Another life lost

Author: Daily Times

Sindhi artist Qutub Rind’s family revealed that he was killed over “false charges of blasphemy” on July 17 in Lahore. The Jacobabad-based artist was in Lahore for an art show when he reportedly went into a tussle with his landlord. His friend who registered the FIR says the accused confessed to killing Rind for committing ‘blasphemy’. It has also been stated by Rind’s family that the police officials are trying to cover up the incident. The police denies that ‘blasphemy’ was the reason for the murder.

That the incident remained unreported and undisclosed for two weeks says a lot about the law and order situation in the country.

Religious intolerance and ‘blasphemy’-related violence in Pakistan has claimed countless lives over the years. What is worse is that state and police have either been complicit or inefficient in most cases. A mere allegation of blasphemy is enough for the radicals to take the law in their own hands and punish the ‘blasphemer’, while the state acts as silent spectator.

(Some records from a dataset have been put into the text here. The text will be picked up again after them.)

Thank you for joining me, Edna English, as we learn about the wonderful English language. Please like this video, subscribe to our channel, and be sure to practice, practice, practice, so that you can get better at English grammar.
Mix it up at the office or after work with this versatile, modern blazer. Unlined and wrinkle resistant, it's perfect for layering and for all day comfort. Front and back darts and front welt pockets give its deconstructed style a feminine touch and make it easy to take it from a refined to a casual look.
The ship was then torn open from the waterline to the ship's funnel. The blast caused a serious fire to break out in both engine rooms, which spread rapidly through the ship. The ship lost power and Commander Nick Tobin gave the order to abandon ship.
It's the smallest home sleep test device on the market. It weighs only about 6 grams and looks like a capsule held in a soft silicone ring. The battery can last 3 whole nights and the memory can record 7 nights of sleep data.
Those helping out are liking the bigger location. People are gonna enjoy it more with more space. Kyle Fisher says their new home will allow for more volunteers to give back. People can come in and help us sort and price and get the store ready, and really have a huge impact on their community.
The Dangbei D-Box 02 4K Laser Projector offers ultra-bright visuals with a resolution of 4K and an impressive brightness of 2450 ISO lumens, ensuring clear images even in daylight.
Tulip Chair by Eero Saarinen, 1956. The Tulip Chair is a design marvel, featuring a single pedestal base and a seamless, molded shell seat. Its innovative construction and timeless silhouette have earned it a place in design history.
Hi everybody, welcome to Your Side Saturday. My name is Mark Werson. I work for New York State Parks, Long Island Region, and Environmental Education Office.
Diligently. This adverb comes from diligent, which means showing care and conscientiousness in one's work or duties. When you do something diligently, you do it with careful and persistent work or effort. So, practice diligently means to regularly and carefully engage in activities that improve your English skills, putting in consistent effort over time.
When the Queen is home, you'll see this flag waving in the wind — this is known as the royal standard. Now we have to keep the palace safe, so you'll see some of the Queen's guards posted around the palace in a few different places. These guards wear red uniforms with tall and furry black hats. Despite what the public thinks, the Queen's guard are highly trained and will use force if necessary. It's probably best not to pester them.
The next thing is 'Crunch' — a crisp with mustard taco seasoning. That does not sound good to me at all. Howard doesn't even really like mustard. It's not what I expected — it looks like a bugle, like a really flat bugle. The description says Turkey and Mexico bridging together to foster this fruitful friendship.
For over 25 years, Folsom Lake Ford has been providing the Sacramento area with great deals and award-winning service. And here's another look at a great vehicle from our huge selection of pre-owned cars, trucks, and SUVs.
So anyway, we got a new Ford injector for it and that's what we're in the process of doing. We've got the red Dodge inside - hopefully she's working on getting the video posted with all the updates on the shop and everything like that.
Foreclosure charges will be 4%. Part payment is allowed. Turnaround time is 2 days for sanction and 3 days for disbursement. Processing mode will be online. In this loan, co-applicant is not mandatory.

There have been several instances of mob justice and extra-judicial killing over allegations of blasphemy, but so far the state has been unable to come up with a counter-narrative to the mindset that condones this kind of violence. In April last year, Mashal Khan, a student in Mardan’s Abdul Wali Khan University was lynched to death by fellow students for ‘committing blasphemy’ on social media. The gruesome incident shook the nation, but it was business as usual after a few weeks of outrage. Such has been the case in all other incidents of religiously-motivated violence and mob justice. The Mashal Khan incident followed the then interior minister Chaudhry Nisar’s efforts to hunt alleged blasphemers on social media. Instead of educating the public and warning them against taking law into their own hands, the government at the time continued with its ‘anti-blasphemy’ drive. This is one of the reasons why killings over allegations of blasphemy have continued.

The people of Pakistan have high expectations of the incoming government of Pakistan Tehreek-e-Insaf (PTI). PM-in waiting Imran Khan should act against religious intolerance and mob justice. Moreover, safeguards against the misuse of blasphemy law need to be introduced at the earliest.  *

Published in Daily Times, August 6th 2018.